Work required: From the data that follows, print exactly the lines starting at the one containing "Performance Tool W80590" and ending at the one containing "Tips Fnaf Roblox"; include both of them and nothing more.

Exercise inputs:
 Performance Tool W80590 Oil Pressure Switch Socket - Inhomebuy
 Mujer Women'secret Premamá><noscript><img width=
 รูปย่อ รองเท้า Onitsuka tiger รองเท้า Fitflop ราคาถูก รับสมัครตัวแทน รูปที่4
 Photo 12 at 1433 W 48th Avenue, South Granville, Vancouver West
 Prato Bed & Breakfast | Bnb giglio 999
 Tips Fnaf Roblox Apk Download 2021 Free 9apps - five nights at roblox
---
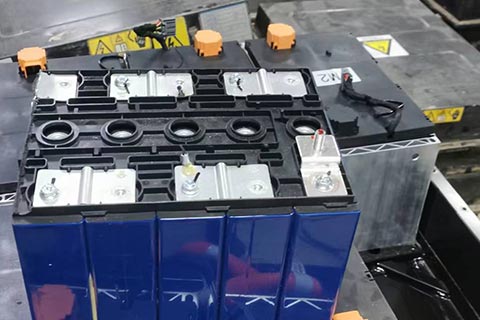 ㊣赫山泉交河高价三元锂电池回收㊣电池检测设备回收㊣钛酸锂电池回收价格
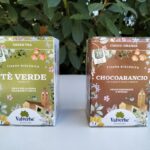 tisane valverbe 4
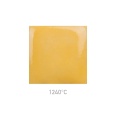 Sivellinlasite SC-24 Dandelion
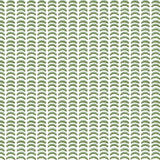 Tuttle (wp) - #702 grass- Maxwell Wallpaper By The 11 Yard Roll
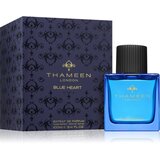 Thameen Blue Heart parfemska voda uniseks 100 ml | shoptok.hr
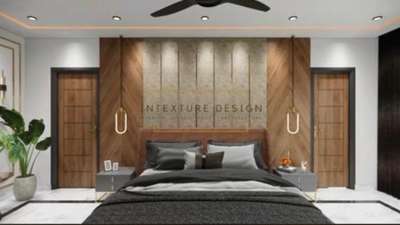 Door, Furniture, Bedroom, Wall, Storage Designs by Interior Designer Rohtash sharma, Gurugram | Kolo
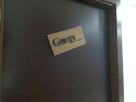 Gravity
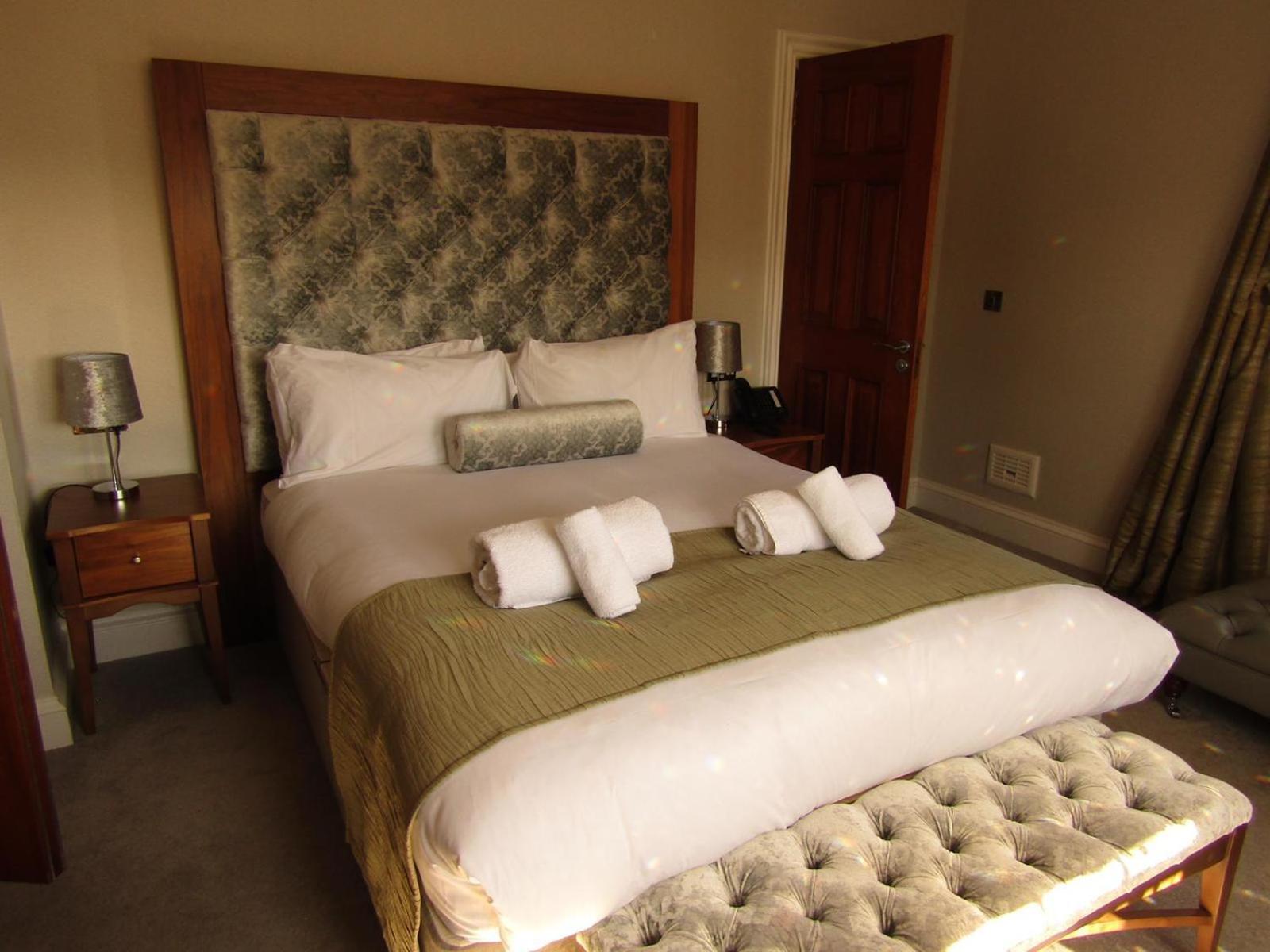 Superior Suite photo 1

Written reply:
 Performance Tool W80590 Oil Pressure Switch Socket - Inhomebuy
 Mujer Women'secret Premamá><noscript><img width=
 รูปย่อ รองเท้า Onitsuka tiger รองเท้า Fitflop ราคาถูก รับสมัครตัวแทน รูปที่4
 Photo 12 at 1433 W 48th Avenue, South Granville, Vancouver West
 Prato Bed & Breakfast | Bnb giglio 999
 Tips Fnaf Roblox Apk Download 2021 Free 9apps - five nights at roblox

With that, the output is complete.